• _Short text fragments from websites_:
________________________________________

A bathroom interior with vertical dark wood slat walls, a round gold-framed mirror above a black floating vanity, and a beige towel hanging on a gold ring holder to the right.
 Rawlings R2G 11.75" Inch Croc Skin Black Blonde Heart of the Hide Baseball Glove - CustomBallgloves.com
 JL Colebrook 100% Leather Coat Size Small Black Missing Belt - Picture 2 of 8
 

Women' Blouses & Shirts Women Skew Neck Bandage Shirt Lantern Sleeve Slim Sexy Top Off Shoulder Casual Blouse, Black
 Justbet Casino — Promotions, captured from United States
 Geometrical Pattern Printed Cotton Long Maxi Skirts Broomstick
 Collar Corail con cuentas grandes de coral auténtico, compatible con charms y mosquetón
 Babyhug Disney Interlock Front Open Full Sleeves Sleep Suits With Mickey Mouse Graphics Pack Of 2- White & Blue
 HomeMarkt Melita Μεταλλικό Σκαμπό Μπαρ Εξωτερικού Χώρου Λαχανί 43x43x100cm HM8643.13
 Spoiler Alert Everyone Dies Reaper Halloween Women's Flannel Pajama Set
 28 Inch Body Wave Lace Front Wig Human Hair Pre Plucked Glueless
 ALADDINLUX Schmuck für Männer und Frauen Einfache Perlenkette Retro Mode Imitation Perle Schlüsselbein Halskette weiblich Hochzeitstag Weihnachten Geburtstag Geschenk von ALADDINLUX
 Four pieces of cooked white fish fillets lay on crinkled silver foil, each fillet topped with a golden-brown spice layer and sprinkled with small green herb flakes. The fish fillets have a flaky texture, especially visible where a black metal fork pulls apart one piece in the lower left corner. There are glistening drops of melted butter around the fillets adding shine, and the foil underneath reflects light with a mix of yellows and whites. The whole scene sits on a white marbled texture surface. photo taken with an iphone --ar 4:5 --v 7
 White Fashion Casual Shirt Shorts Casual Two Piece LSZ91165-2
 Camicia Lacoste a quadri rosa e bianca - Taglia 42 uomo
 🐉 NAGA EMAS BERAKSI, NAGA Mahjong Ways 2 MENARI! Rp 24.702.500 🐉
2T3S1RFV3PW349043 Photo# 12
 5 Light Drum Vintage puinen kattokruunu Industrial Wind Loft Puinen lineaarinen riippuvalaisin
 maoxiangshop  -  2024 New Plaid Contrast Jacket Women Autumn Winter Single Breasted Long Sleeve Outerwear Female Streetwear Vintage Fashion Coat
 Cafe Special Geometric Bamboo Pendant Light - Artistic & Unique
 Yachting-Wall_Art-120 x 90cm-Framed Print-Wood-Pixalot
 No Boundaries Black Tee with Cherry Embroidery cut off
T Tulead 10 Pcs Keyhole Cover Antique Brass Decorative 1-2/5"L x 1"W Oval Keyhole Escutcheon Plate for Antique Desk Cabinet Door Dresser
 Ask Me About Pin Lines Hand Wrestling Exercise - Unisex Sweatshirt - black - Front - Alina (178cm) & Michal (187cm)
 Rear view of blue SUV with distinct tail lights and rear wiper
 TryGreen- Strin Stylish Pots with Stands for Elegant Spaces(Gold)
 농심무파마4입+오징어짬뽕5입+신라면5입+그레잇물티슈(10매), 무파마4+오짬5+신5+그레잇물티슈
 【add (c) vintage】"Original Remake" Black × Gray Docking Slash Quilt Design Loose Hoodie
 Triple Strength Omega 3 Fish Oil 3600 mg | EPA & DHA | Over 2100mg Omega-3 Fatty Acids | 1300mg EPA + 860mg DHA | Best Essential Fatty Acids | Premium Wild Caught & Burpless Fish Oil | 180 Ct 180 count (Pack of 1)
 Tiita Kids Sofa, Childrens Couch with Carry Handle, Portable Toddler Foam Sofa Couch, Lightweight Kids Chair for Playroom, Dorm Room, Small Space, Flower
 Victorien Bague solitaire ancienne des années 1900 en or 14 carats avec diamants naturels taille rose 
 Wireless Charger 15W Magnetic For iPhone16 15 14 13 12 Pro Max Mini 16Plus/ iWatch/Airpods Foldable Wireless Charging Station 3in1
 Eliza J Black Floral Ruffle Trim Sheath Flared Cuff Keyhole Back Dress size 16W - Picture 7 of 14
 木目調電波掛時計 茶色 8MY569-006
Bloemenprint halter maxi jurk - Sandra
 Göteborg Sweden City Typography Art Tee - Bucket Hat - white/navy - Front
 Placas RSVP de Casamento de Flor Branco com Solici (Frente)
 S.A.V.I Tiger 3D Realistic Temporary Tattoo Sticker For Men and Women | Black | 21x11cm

________________________________________

• _Required work_:
Set down, unchanged, only those lines above that fall between the line with "Rp 24.702.500 🐉" and the line with "Design Loose Hoodie", the two end lines included.

• _Exercise answer_:
 🐉 NAGA EMAS BERAKSI, NAGA Mahjong Ways 2 MENARI! Rp 24.702.500 🐉
2T3S1RFV3PW349043 Photo# 12
 5 Light Drum Vintage puinen kattokruunu Industrial Wind Loft Puinen lineaarinen riippuvalaisin
 maoxiangshop  -  2024 New Plaid Contrast Jacket Women Autumn Winter Single Breasted Long Sleeve Outerwear Female Streetwear Vintage Fashion Coat
 Cafe Special Geometric Bamboo Pendant Light - Artistic & Unique
 Yachting-Wall_Art-120 x 90cm-Framed Print-Wood-Pixalot
 No Boundaries Black Tee with Cherry Embroidery cut off
T Tulead 10 Pcs Keyhole Cover Antique Brass Decorative 1-2/5"L x 1"W Oval Keyhole Escutcheon Plate for Antique Desk Cabinet Door Dresser
 Ask Me About Pin Lines Hand Wrestling Exercise - Unisex Sweatshirt - black - Front - Alina (178cm) & Michal (187cm)
 Rear view of blue SUV with distinct tail lights and rear wiper
 TryGreen- Strin Stylish Pots with Stands for Elegant Spaces(Gold)
 농심무파마4입+오징어짬뽕5입+신라면5입+그레잇물티슈(10매), 무파마4+오짬5+신5+그레잇물티슈
 【add (c) vintage】"Original Remake" Black × Gray Docking Slash Quilt Design Loose Hoodie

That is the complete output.